Update: 23rd July 2014: This post is available in French translated by Vicky Rotarova

Well, this is not a tech post. Shoo… developers…

I’m not sure if this is a “Singaporean” thing or applies globally. Some people who are in charge of hiring has no clue how to get a good developer. So the first question they ask is for your “portfolio“. I really don’t understand how a iOS developer’s skill can be measured based on his application portfolio. A good looking app doesn’t correlate to a well written code. Back in the olden days of Web 2.0, asking for a portfolio means, you can have a look at the completed website AND the code (Javascript + CSS). Just because you hired people looking for their portfolios in the past doesn’t mean you should do that now.

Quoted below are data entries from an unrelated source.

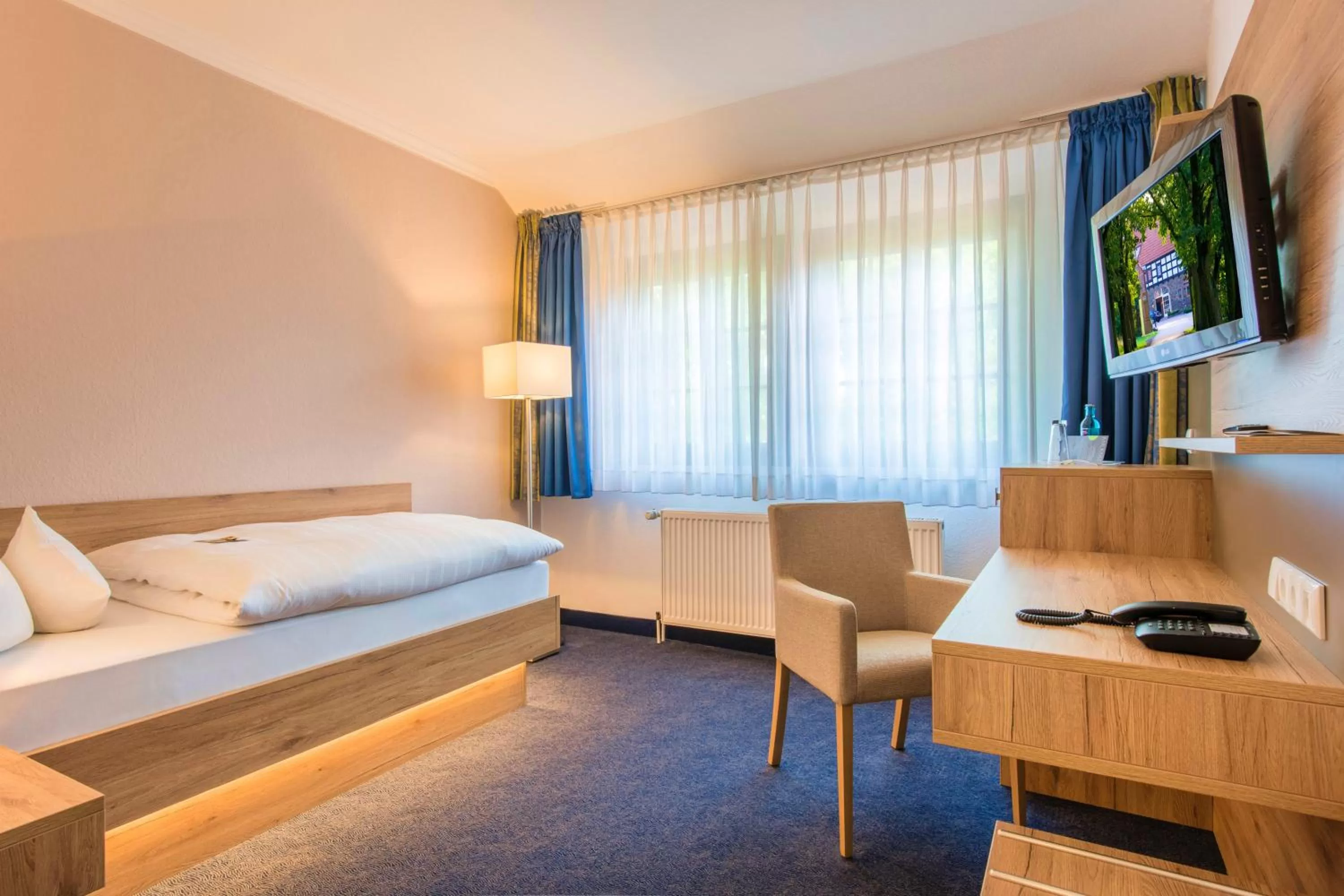 TV and multimedia, Bed in IDINGSHOF Hotel & Restaurant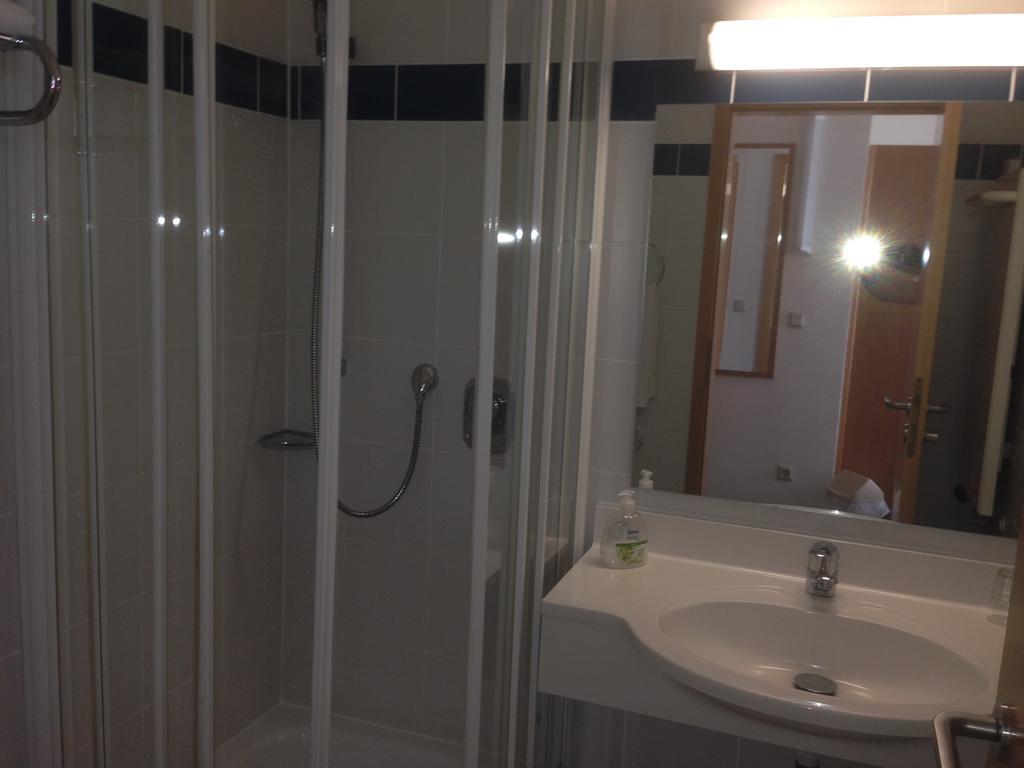 Hotel Zum Sportforum Blankenburg  Bilik gambar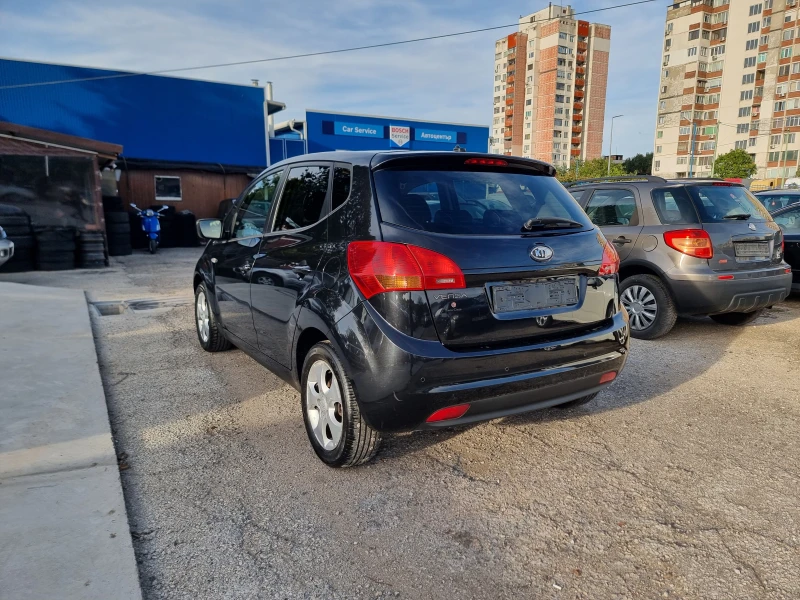 Kia Venga 1.4i GAZ, снимка 5 - Автомобили и джипове - 47519550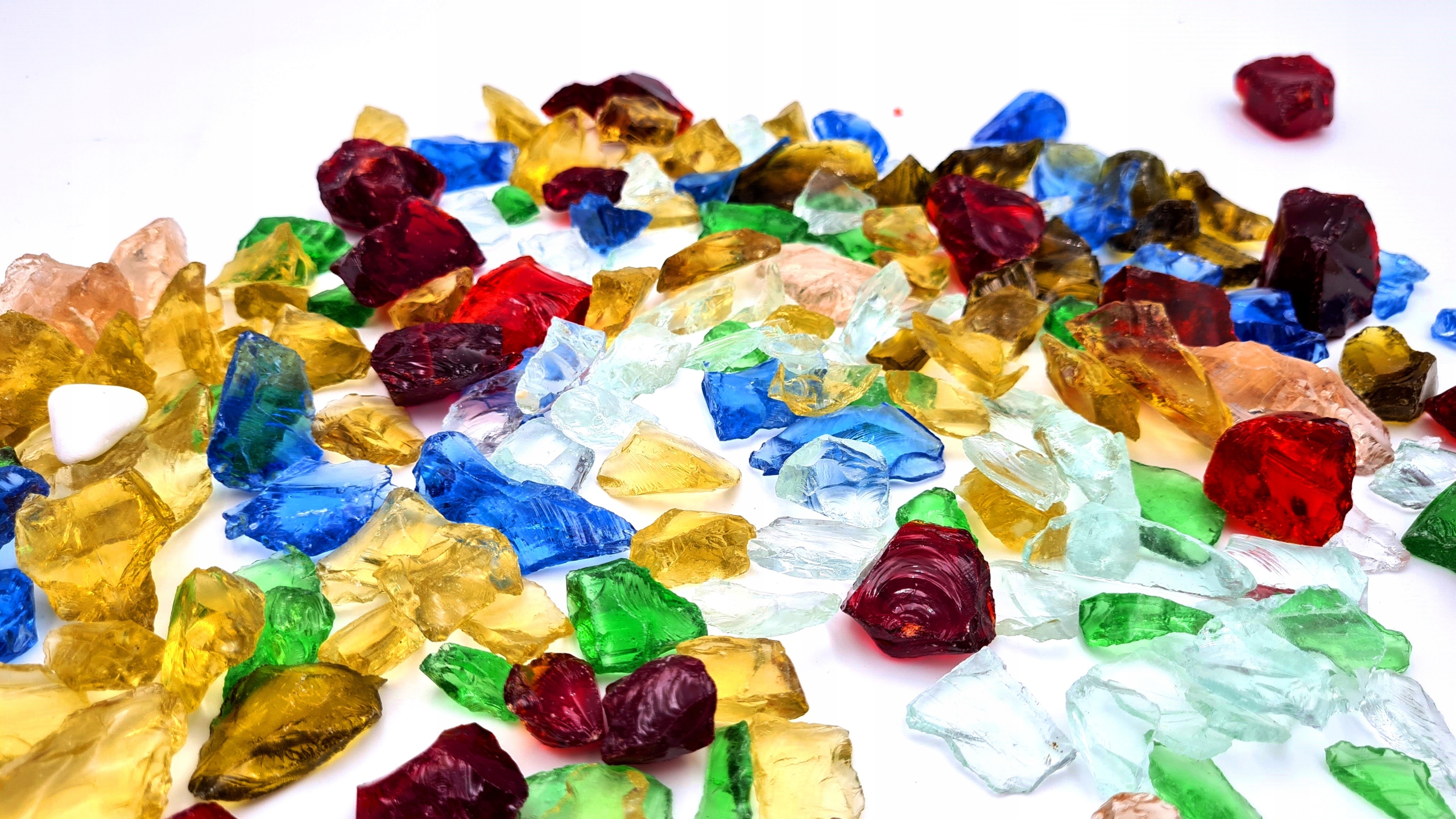 SZKŁO DEKORACYJNE MIX KOLOR grys szklany ozdoba wnętrza 5kg 2-3cm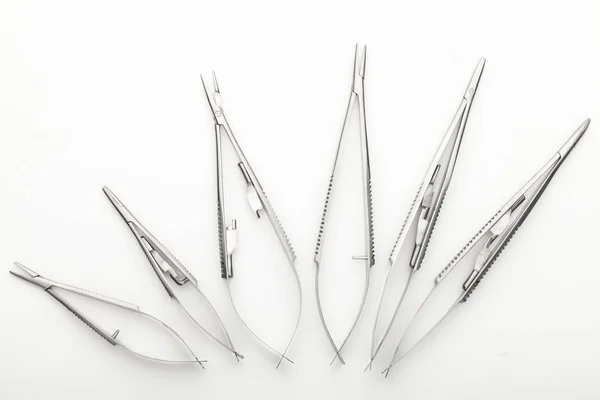 Stalowe Narzędzia Chirurgiczne Sprzęt Laboratoryjny Odizolowane Białym Tle Profesjonalne Instrumenty — Zdjęcie stockowe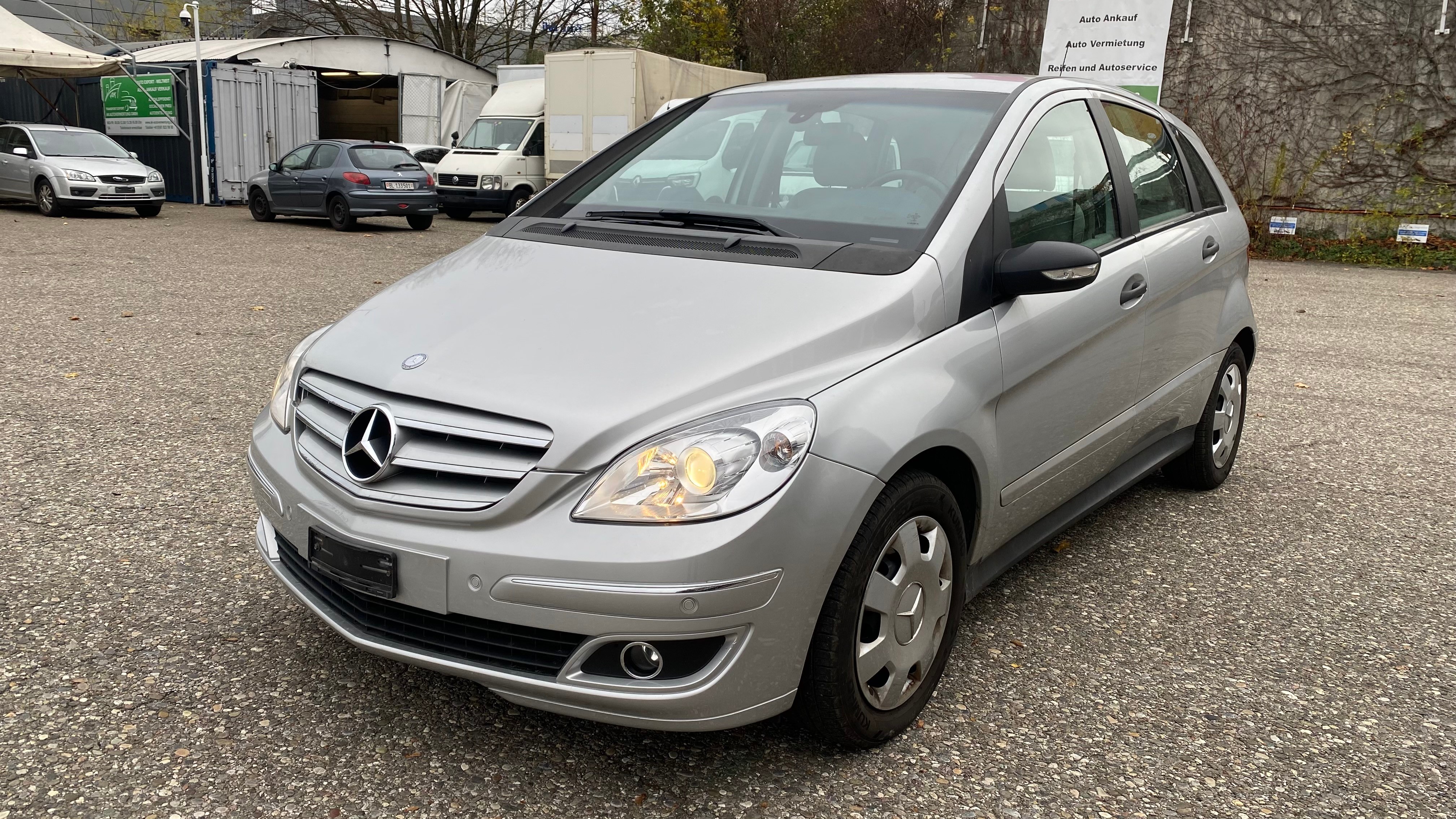 MERCEDES-BENZ B 200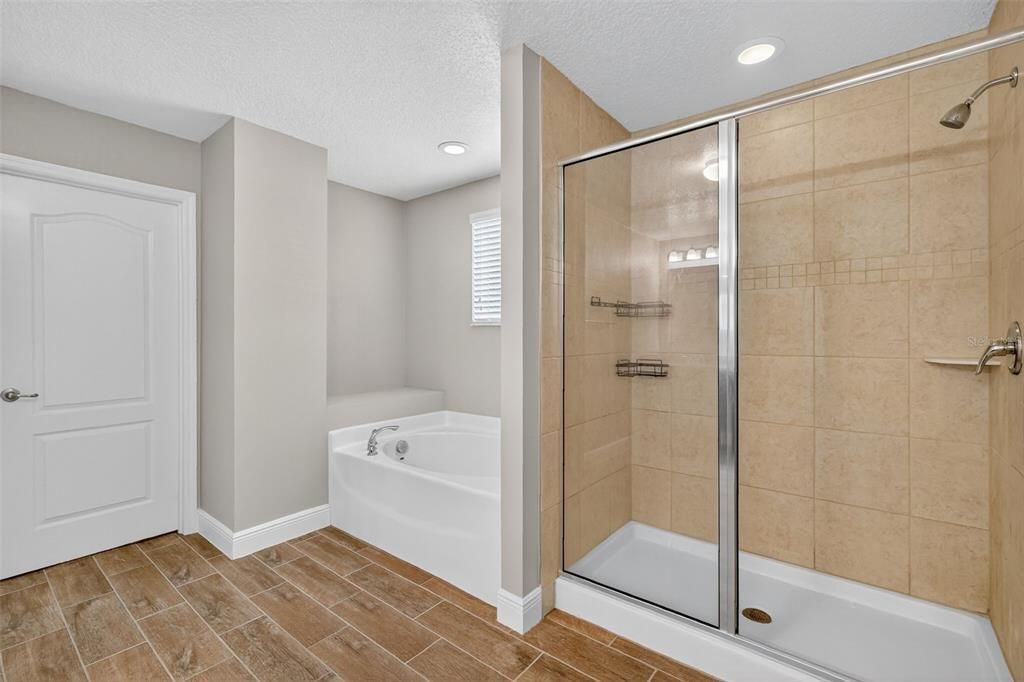 For Sale: $685,000 (7 beds, 5 baths, 4568 Square Feet)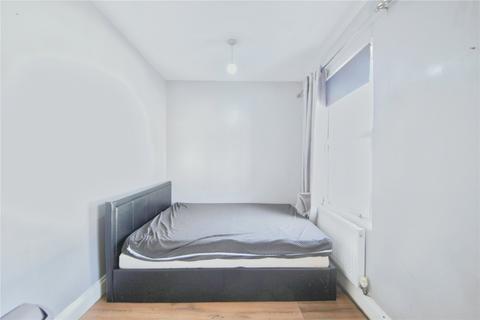 13 Clifton Road, London, E7 8QE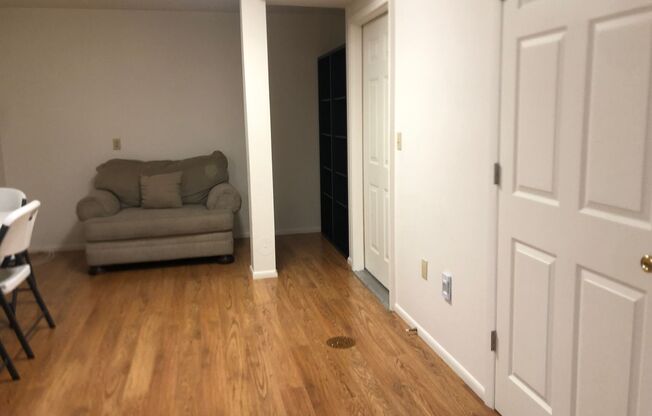 2 beds, 1 bath, $2,200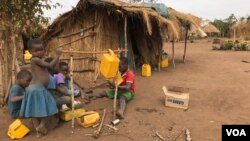 Enfants du camp de réfugiés de Chibuto 2 à Gondola, Manica, Mozambique, le 11 août 2020. (VOA/ Portuguais)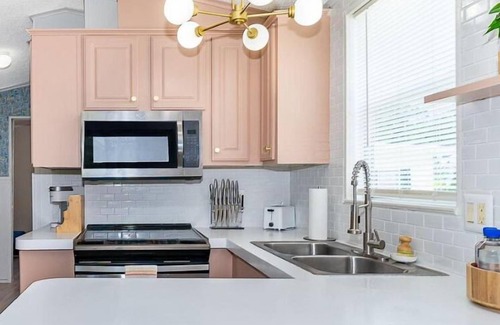Kissimmee Cottage | Cozy Tropical Cottage - 4 mi to Disney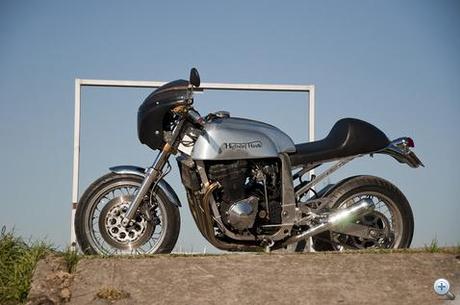 Suzuki GSX-R 1100 Café Racer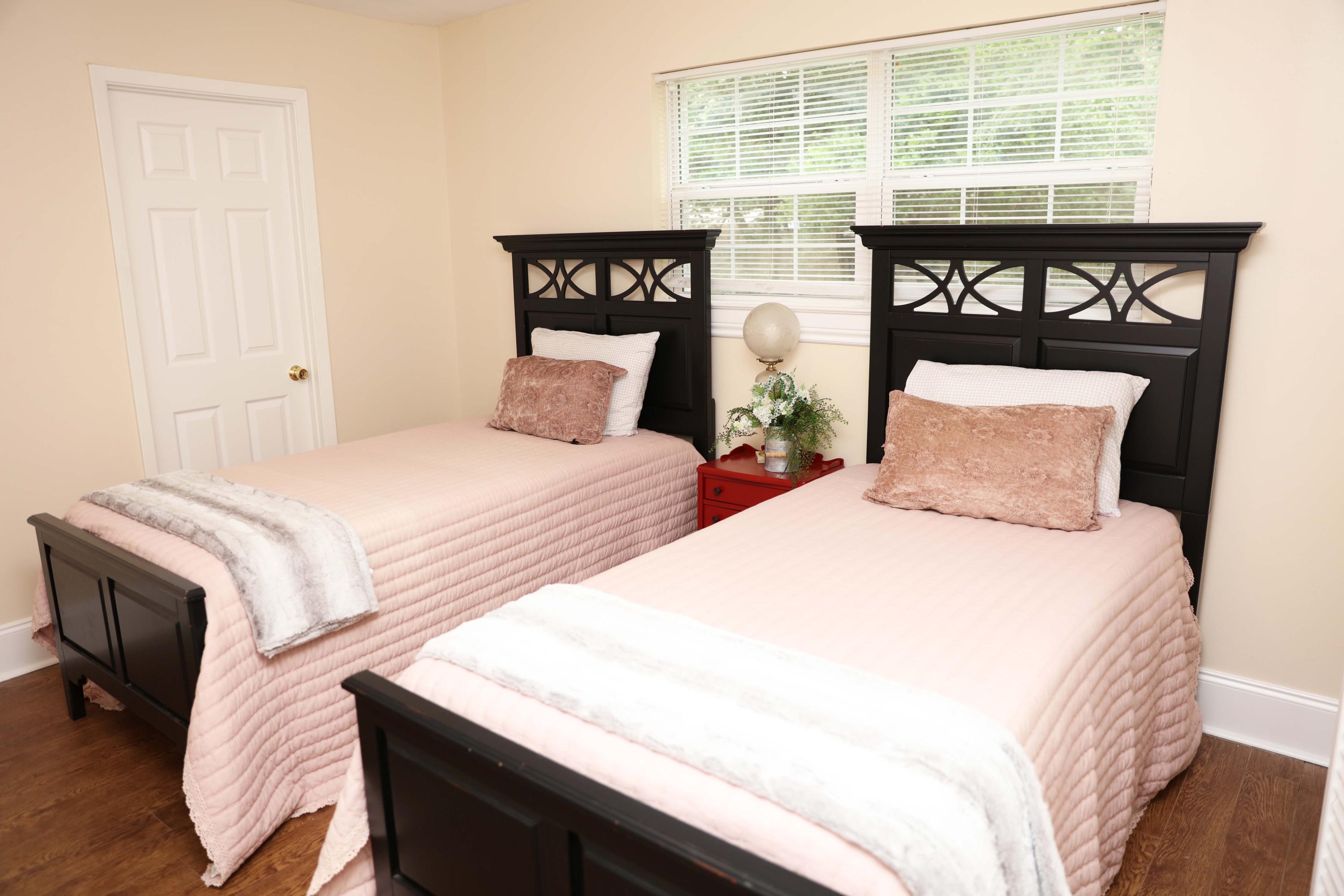 COLONY ESTATES - Residential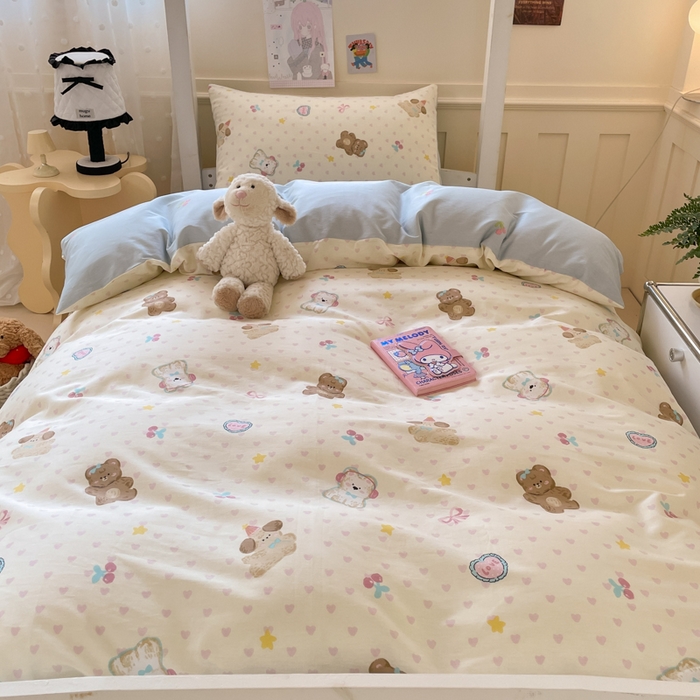 91家纺网 家纺一手货源 找家纺 吉象家纺 2025新款12868高支密全棉印花学生季三件套 奶油甜心熊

Instead, ask the prospective hire for his open source contributions. Mine is here. If you aren’t too conversant looking at code, ask for client references. Turns out that, most developers can do this. (As developers you can ask your client before giving out their names as references. Believe me, almost all clients are more than willing to do so.)

App portfolios aren’t a great way to judge a iOS developer (or any closed source developer). Think again, have you ever hired a backend developer (PHP/Ruby/ASP.NET/Java) by looking at the website he built? Hiring a iOS developer is very similar to hiring a backend developer. App portfolios are good for design agencies and makes sense when you are hiring a designer (or outsourcing your complete app to an agency).

Stop asking for app portfolios. Look at the prospective developers’ Github contributions or ask for client references.